ANSI, Schmansi!

How I learned to stop worrying
and love Postgres-isms


PostgresConf US 2018

April 19, 2018
Jersey City, NJ

About Me

  • Sehrope Sarkuni
  • Founder of JackDB, Inc. (jackdb.com)
  • Contributor to pgjdbc (Java driver)
  • Contributor to node-postgres (Node.js driver)
  • Occasionally gives great advice on #postgresql

The SQL Standard

  • SQL became an ANSI standard in 1986.
  • SQL:2011 and SQL:2016 are the two most recent revisions to the standard.
  • PostgreSQL supports most of SQL:2011 standard.

The SQL Standard

Revisions

  • SQL:2003 (4th revision) - XML (Native XML type)
  • SQL:2006 (5th revision) - XML (SQL/XML)
  • SQL:2007 (6th revision) - MERGE / TRUNCATE
  • SQL:2011 (7th revision) - Temporal databases
  • SQL:2016 (8th revision) - JSON, Row pattern recognition

Database Agnostic

Historical Reasons

  • Licensing costs of target platform
  • Avoiding perceived or actual lock in
  • Deployment uncertainty

Database Agnostic

Limitations & Issues

  • Weak typing — "stringly" typed UUIDs
  • Weak constraints — CHECK and UNIQUE KEY
  • Basic SQL — SELECT, UPDATE, DELETE by id
  • Basic operators — =, <, >, and LIKE
  • "But my ORM solves this!" — Not really...

Database Specific

Why?

  • Use newer features today
  • Leverage full power of your database
  • Dev <> Prod parity

PostgreSQL is...

  • The most advanced open source database
  • An object relational database system
  • Featureful and standards compliant

PostgreSQL and the SQL Standard

"PostgreSQL development aims for conformance with the latest official version of the standard where such conformance does not contradict traditional features or common sense".

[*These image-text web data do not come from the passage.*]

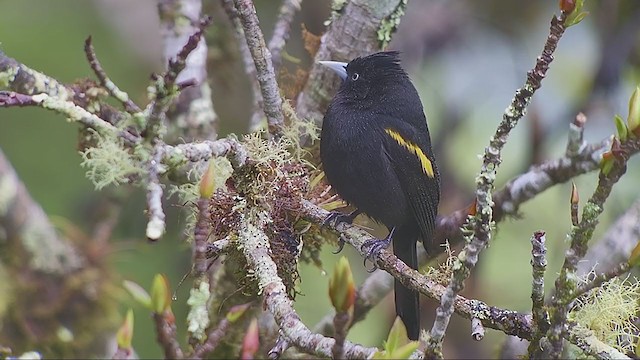 Golden-winged Cacique - ML260566761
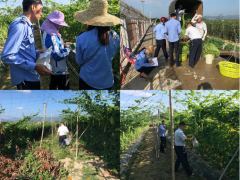 展开农产质量量安全普查，片面掌握我市农产质量量安全情况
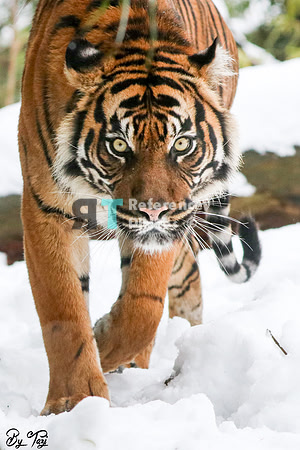 Sumatran tiger on the prowl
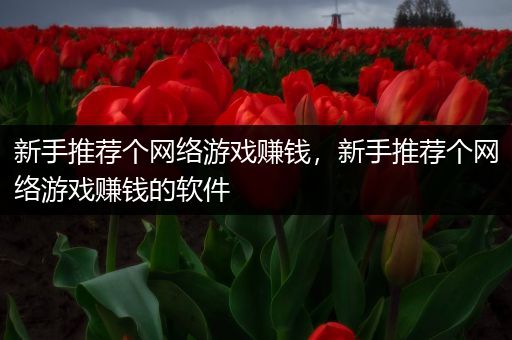 新手推荐个网络游戏赚钱，新手推荐个网络游戏赚钱的软件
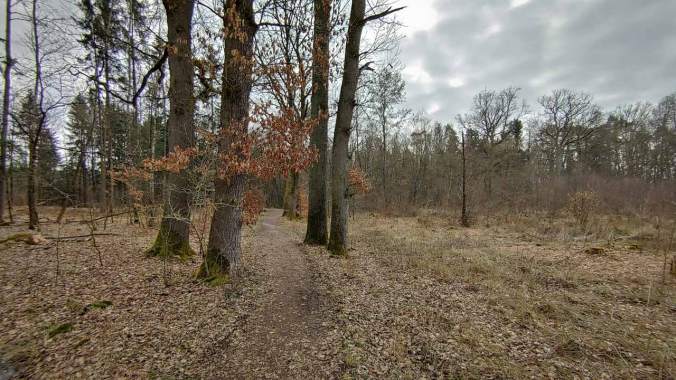 Heute war alles grau in grau und ziemlich kalt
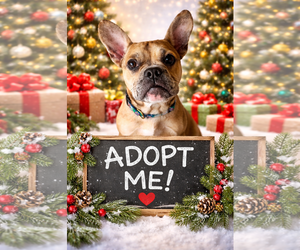 Faux Frenchbo Bulldog Dogs for adoption in Euless, TX, USA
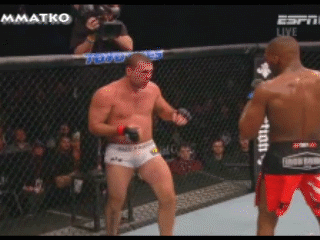 shogun+taps.gif,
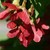 Maples_acer_tataricum_garann_pp15_023.small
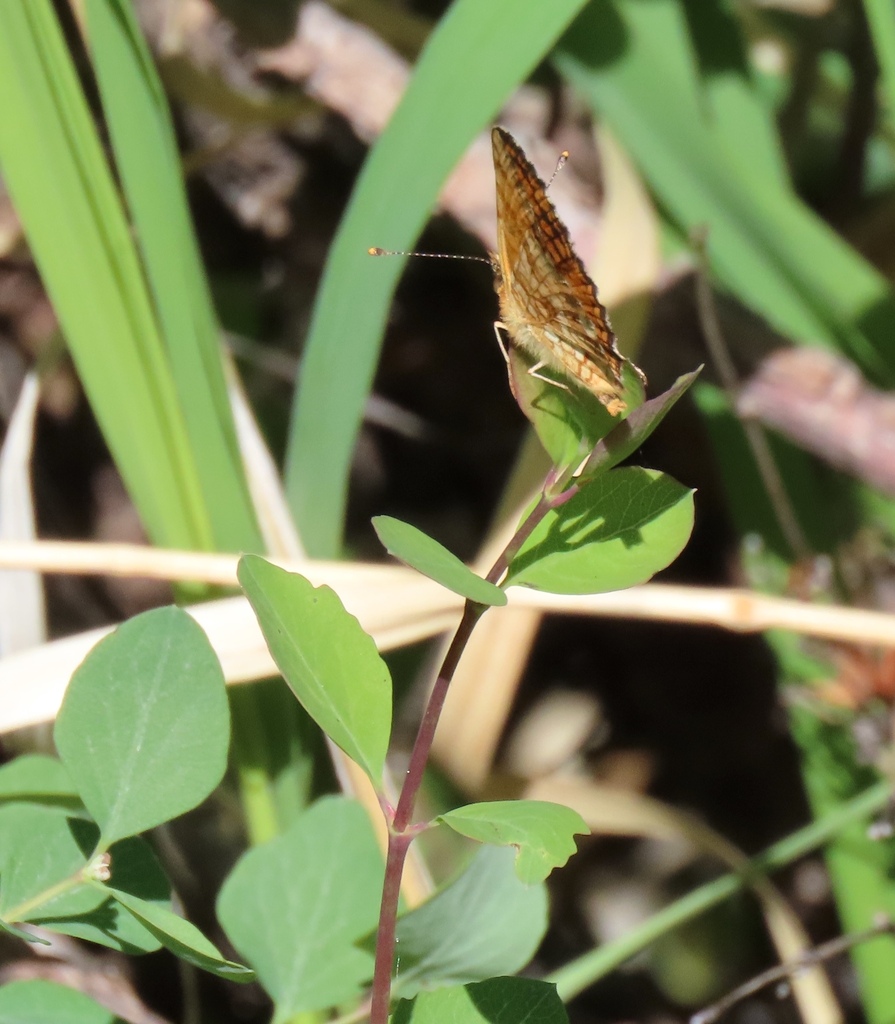 Phyciodes mylitta mylitta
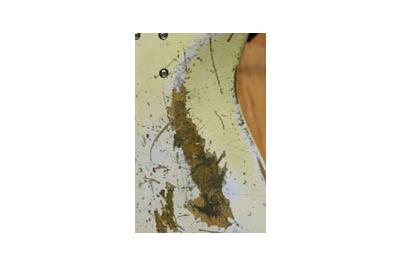 Sandberg JM detras -  Sandberg JM detras -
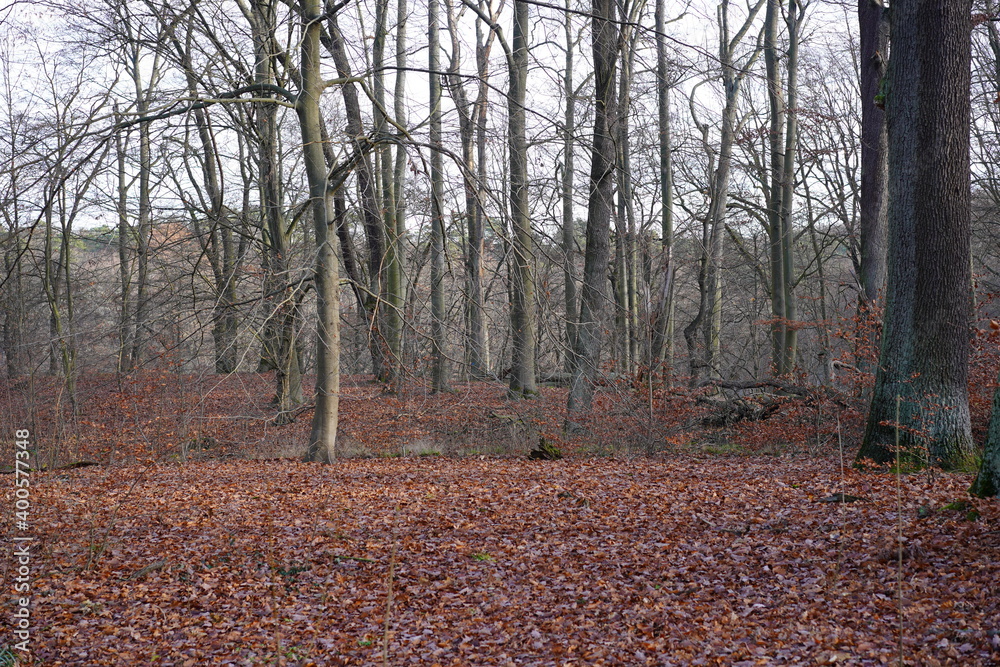 Winterliche Parklandschaft mit kahlen Bäumen und braunem Laubboden Winterliche Parklandschaft mit kahlen Bäumen und braunem Laubboden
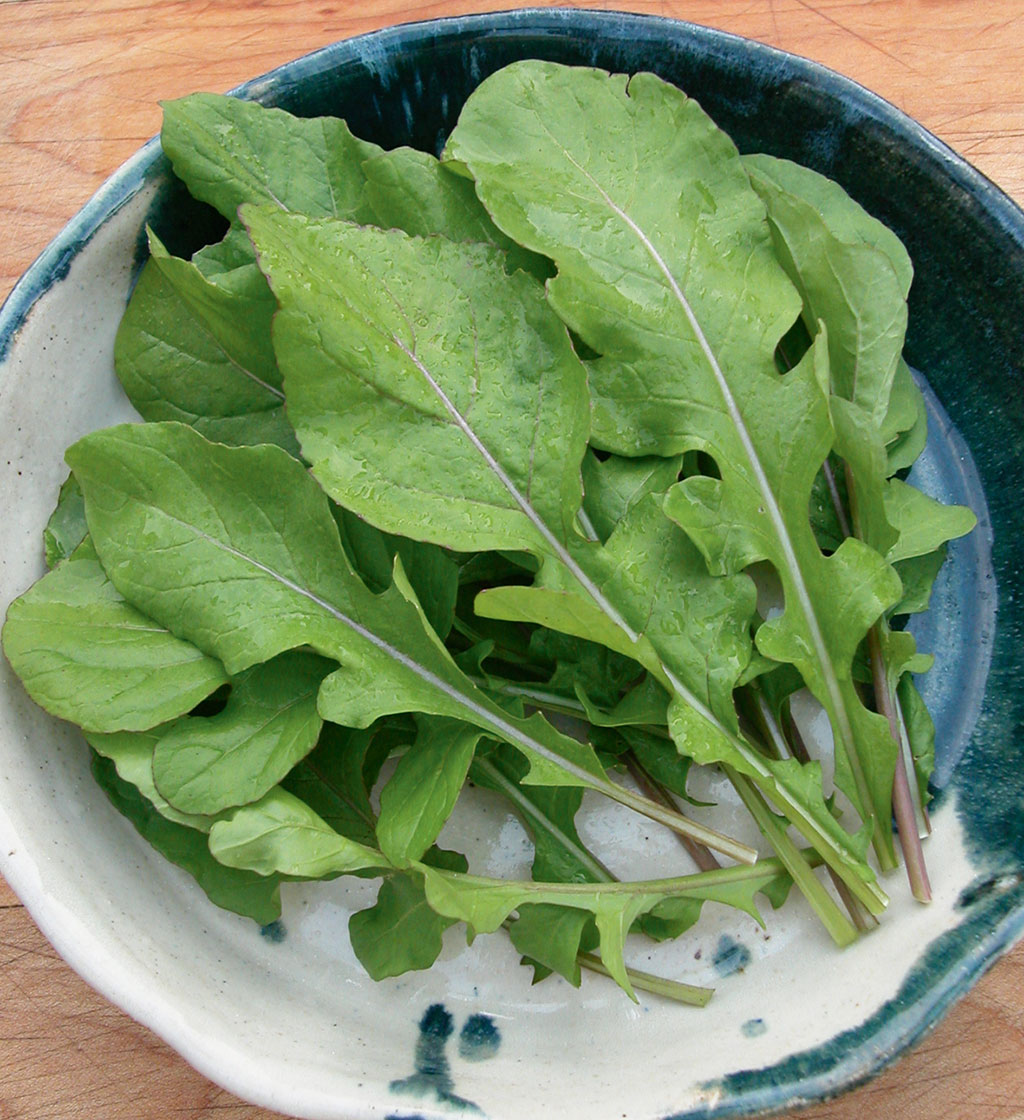 ร็อกเก็ต - Eruca sativa (Rocket)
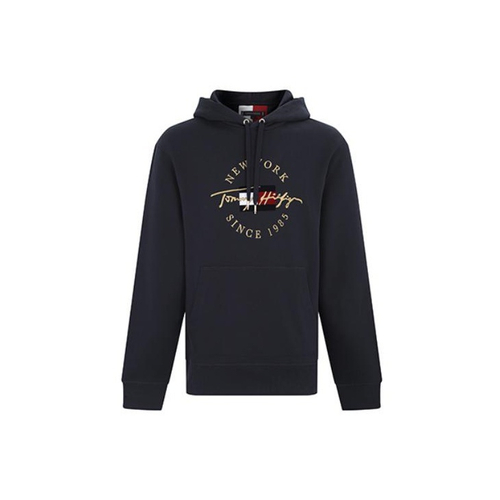 Tommy Hilfiger Hoodie, MW0MW22529-DW5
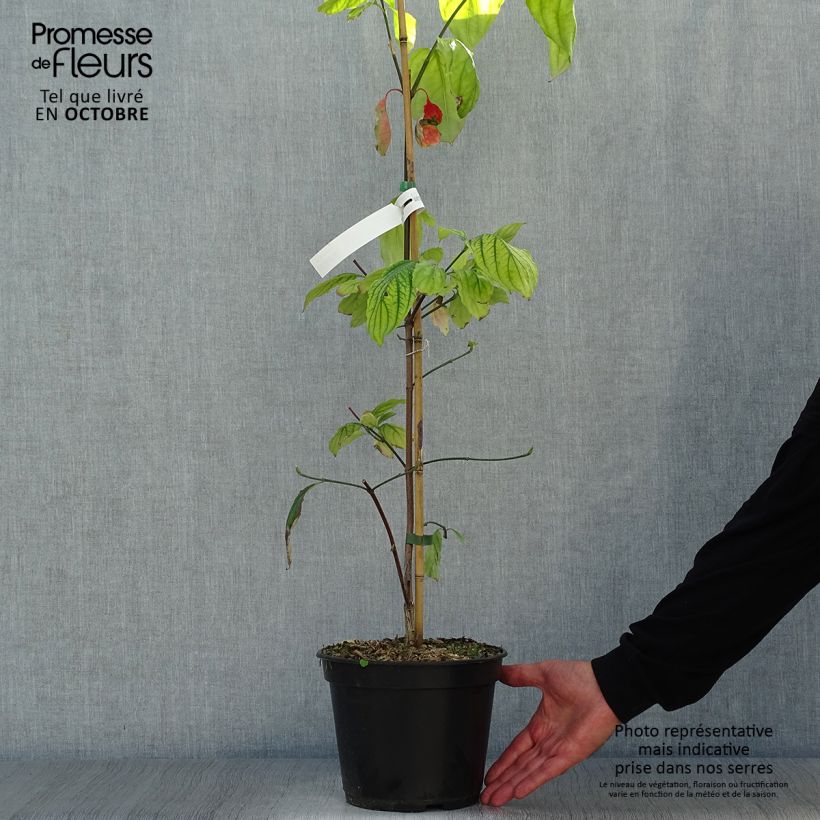 Exemplaar van Cornus nuttalii Eddies White Wonder - Grootbloemige kornoelje Pot van 4 l/5 l zoals geleverd in de herfst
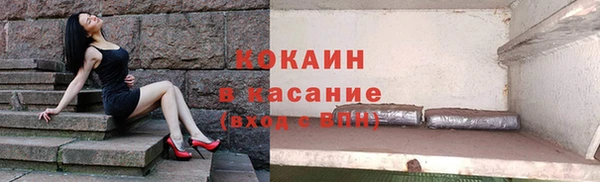 стаф Ельня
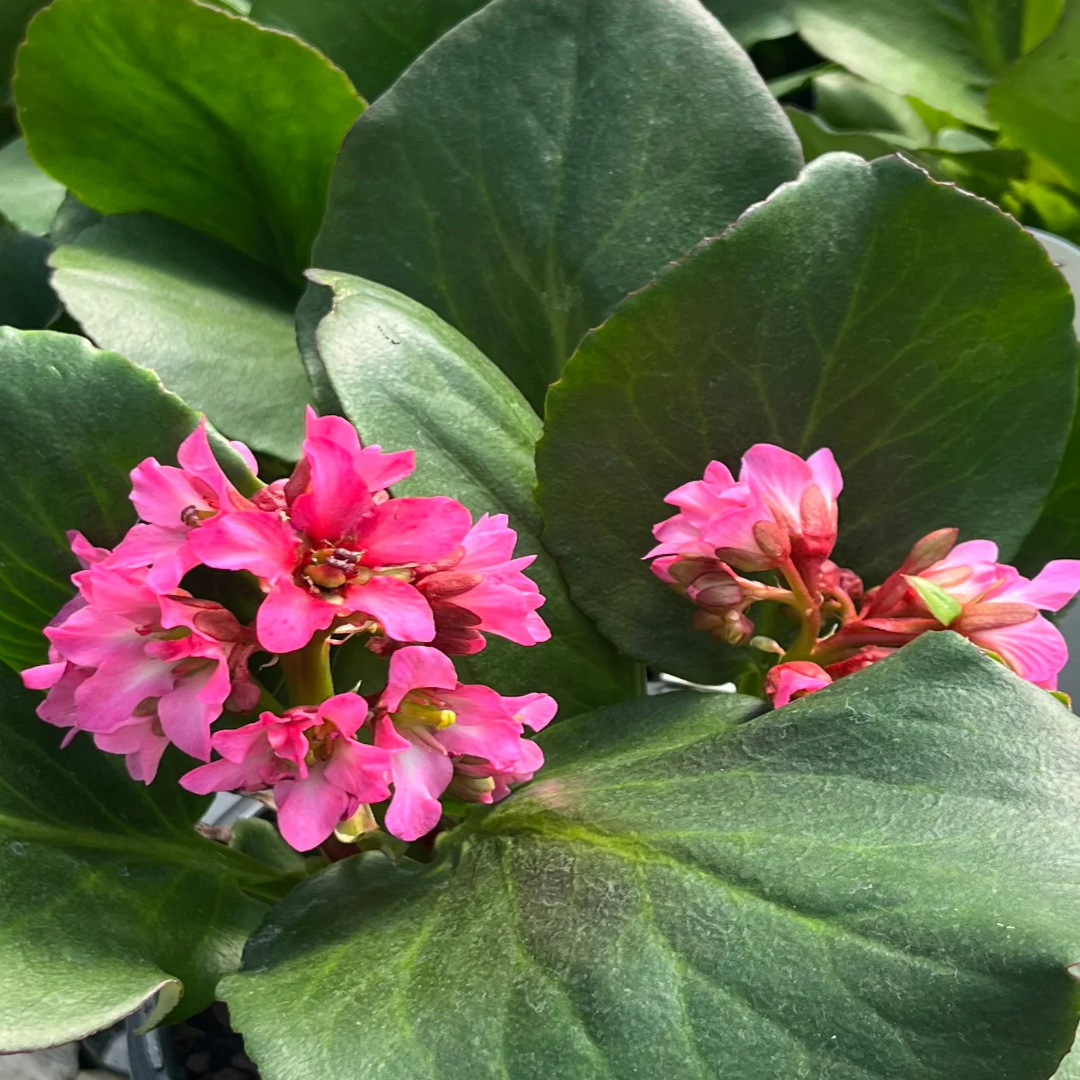 Bergenia &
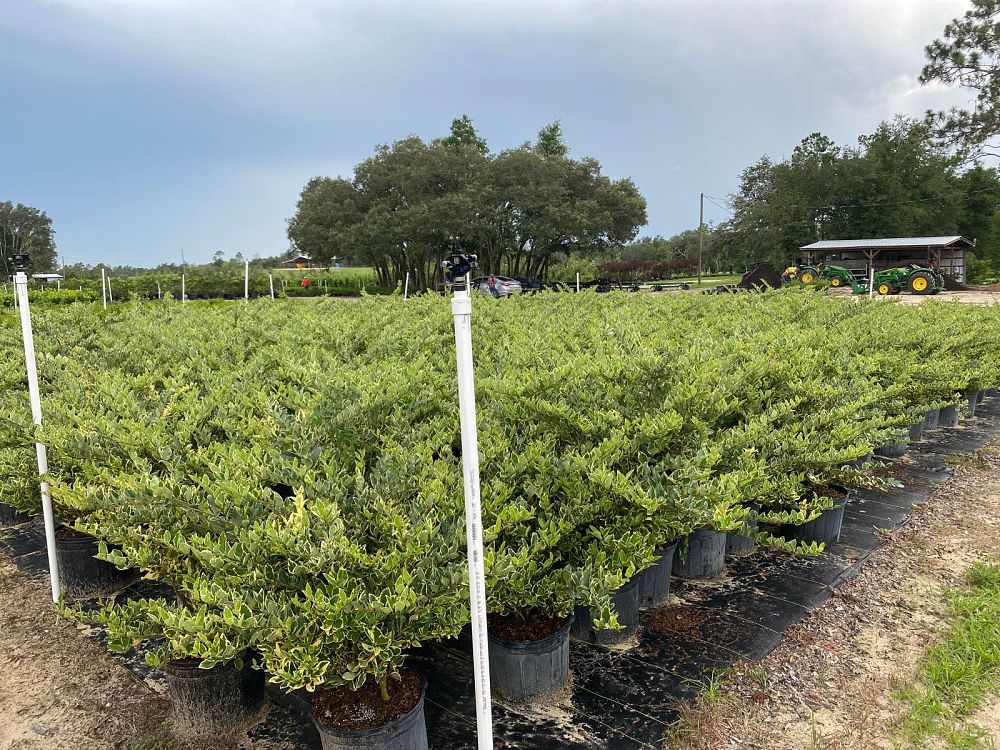 ligustrum-japonicum-jack-frost-japanese-privet-wax-leaf-ligustrum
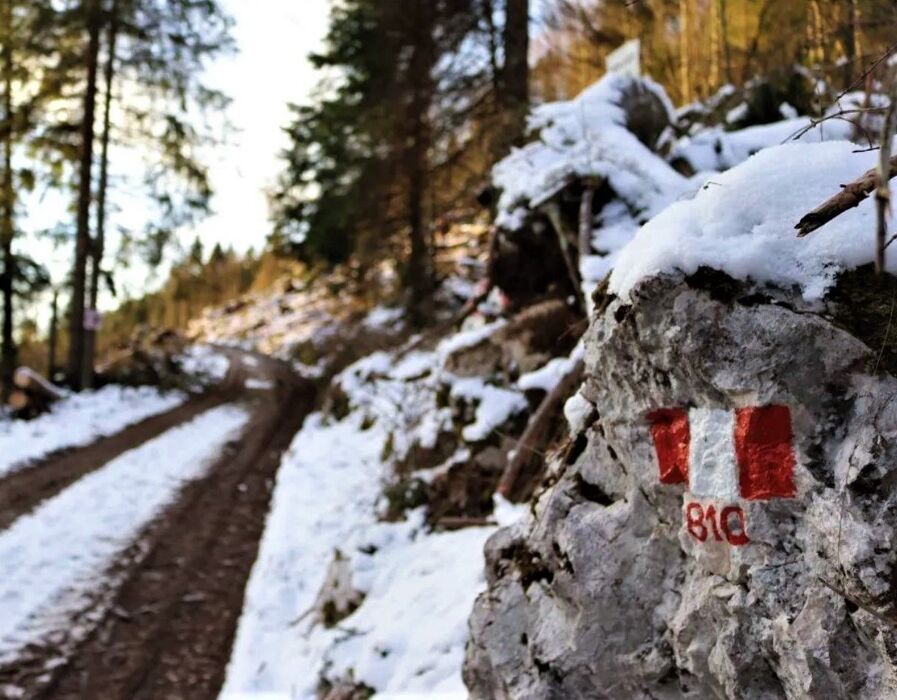 Ciaspolata nella storia: il Forte Campolongo Ciaspolata nella storia: il Forte Campolongo desktop picture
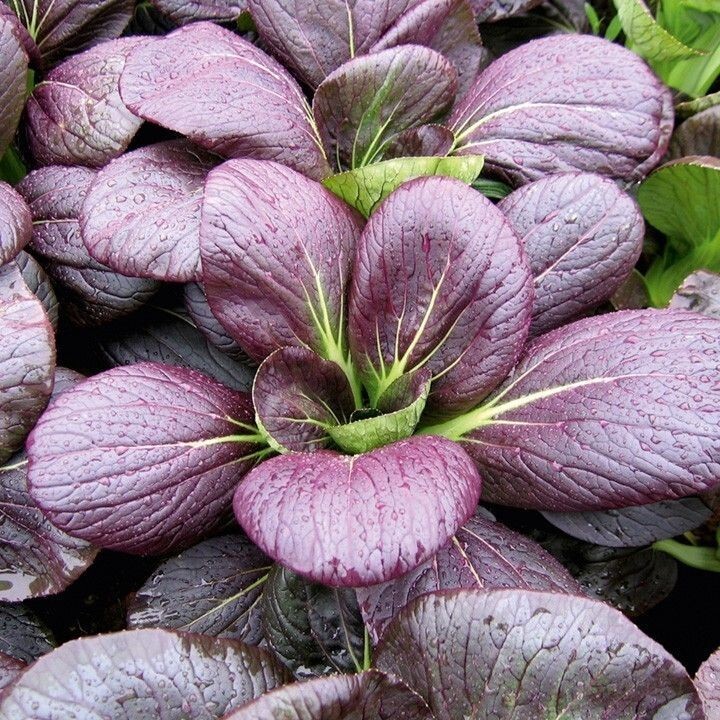 Non-GMO Asian Vegetable Bok Choy Purple Seeds（紫青江菜）500+Seeds 2023NEW!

https://www.postgresql.org/docs/current/static/features.html

Beyond ANSI SQL

  • Many useful extensions
  • Many non-standard features
  • Some are simply a different syntax
  • Some make hard things easy
  • Some make impossible things possible

Everyday SQL

  • SELECT ... FROM
  • Casting via ::
  • Pattern Matching
  • Dollar Quoting
  • MVCC / Transaction Isolation

SELECT ... FROM

No need to specify a relation for SELECT queries

-- Look ma, no FROM!
SELECT 'test' AS x;  x   
------
test
(1 row)

Casting via ::

Less typing and easy on the eyes

-- Using CAST(...) syntax:
SELECT CAST('2018-04-19' AS date)

-- Using :: syntax
SELECT '2018-04-19'::date

https://www.postgresql.org/docs/current/static/sql-expressions.html#SQL-SYNTAX-TYPE-CASTS

Regular Expressions

  • More powerful than LIKE
  • Great for CHECK constraints
  • Indexable via pg_trgm contrib extension
  • Lots of related regexp_ functions
SELECT *
FROM conference c
WHERE c.year = 2018
  AND c.name ~* '(postgresql)|(pgsql)'

https://www.postgresql.org/docs/current/static/pgtrgm.html

Dollar Quoting

Simplifies quoting literals that include quotes

-- Regular single quotes:
SELECT 'This is a literal with a '' single quote';

-- Dollar quotes:
SELECT $$This is a literal with a ' single quote$$;

-- Tagged dollar quotes:
SELECT $tag$I can even include $$ in $$ quotes$tag$;

Dollar Quoting

Great hack for importing a block of text as data[1]

SELECT
  t.fields[1] AS title,
  t.fields[2]::date AS start_date,
  t.fields[3]::date AS end_date,
  t.fields[4] AS city
FROM (
  SELECT regexp_split_to_array(line, ',') AS fields
  FROM regexp_split_to_table(
$$PGConf US,2016-04-18,2016-04-20,New York City
PostgresConf US 2017,2017-03-28,2017-03-31,Jersey City
PostgresConf US 2018,2018-04-16,2018-04-20,Jersey City$$
       , '\n') AS line) t

[1]: For a one-off data munge... Don't do this in an actual app.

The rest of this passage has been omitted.